IPS eyes Broad Ripple High School for redevelopment opportunities

Broad Ripple could be well positioned if the former high school there undergoes redevelopment, according to a new market analysis released Tuesday by Indianapolis Public Schools.

A sale and rehabilitation of Broad Ripple High School, which closed at the end of the 2017-2018 school year, could come in the form of an elaborate mixed-use development that includes housing, office space and retail space.

An IPS-commissioned study by Chicago-based SB Friedman Development Advisors found the Broad Ripple sub-market could absorb extensive development at the 16-acre site, with the group laying out the amount of development in each category that could be absorbed.

The school district presented SB Friedman’s findings to a gathering of more than 250 people at the Indianapolis Arts Center on Tuesday night, as part of an initial step toward marketing the property for sale.

The findings include a buffet of options that range from single-family housing to tens of thousands of square feet of office and retail space, though developers would likely have to pick-and-choose which parts would be best-suited to reshape the site:

—80,000 square feet of office space, with moderate potential for absorption in the market

—30,000 square feet of retail space, high potential

—450 to 750 multi-family rental units, high potential

—35 to 70 condominiums, moderate potential 

—175 to 210 town homes or single-family houses, high potential

Joe Gramelspacher, director of special projects for IPS, said alumni and members of the community have expressed interest in a continued scholastic use at the high school site, but seemed receptive to other uses for the property.

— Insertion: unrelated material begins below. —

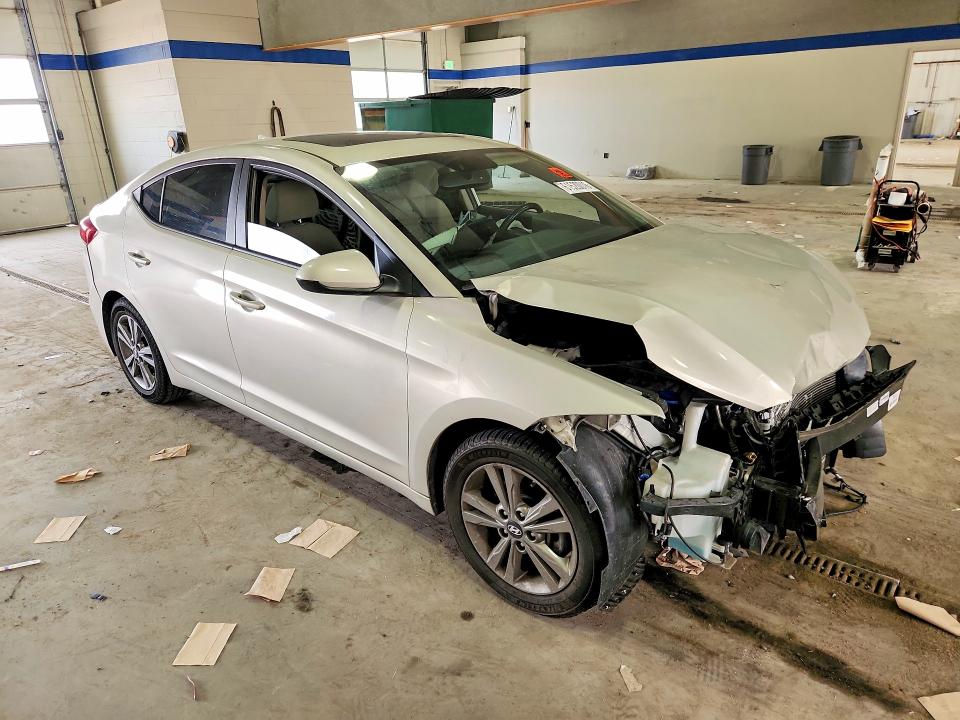 61520016 :رقم المزاد ، KMHD84LF6HU274854 vin ، 2017 Hyundai Elantra مزاد بيع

“There's a supportable market demand for, all five different classes of development that SB Friedman analyzed,” he said.

Gramelspacher said “a scholastic use could be one of many on the site,” potentially combining it with other elements to give Broad Ripple its most significant mixed-use development “in quite some time.”

He confirmed a proposal made by Indy Eleven team owner Ersal Ozdemir to buy the high school site for a mixed-use development—including a 20,000-seat soccer stadium—was not considered as part of the study, which began before the letter was sent to IPS in November.

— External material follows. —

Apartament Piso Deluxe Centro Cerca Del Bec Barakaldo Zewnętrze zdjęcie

“That letter didn’t exist when we commissioned the study,” Gramelspacher said. “They were looking specifically at those five product categories. By no means does that preclude a developer coming forward through a bid sale process and saying, ‘Hey, we want to build a soccer stadium.’

"But they did not look specifically at whether a soccer stadium is a viable economic development on the site.”

While he said district administrators hope to move quickly on issuing a request for information for the potential sale of the property to prospective developers—the first step before a school property can be sold for private redevelopment—that won’t happen until at least the April meeting of the school board.

It also comes as the district advocates for an amendment to a state law that currently requires the district to sell a property it’s not using to any interested charter school for $1. The district has long fought this law, and has been involved with shepherding bills through the state legislature in recent sessions—including the current session—that would bring some changes to those requirements.

With Broad Ripple High School in particular, IPS last year resisted urging from some state lawmakers to sell the campus to Purdue Polytechnic High School, which has since found a temporary home at a different property in the neighborhood.

Selling to charter schools can be a burden on cash-strapped districts like IPS, particularly as they looks for ways to sell off large, valuable buildings it no longer needs. IPS has sold 11 buildings for what it considered market price recent years, generating one-time revenue of more than $20 million. The projects built in place of the properties that have been sold off total more than $400 million in private investment.

Gramelspacher said if proposed legislation makes it through the statehouse and becomes law, the district hopes to move quickly on issuing an RFI for the site. But if it doesn’t—well, the district is considering its alternatives.

"There are a number of things that could happen, but speculating on those right now wouldn't be productive in any way,” he said. “We’ve contemplated them and we're working with legal counsel to understand all of the different routes and it could be taken next.”

But for now, the focus is on discussing the possible future of the Broad Ripple High School site with members of the community and developers.

“We’re encouraging people to think about what's next [for the site], and then also talking with legislators about making that happen,” Gramelspacher said.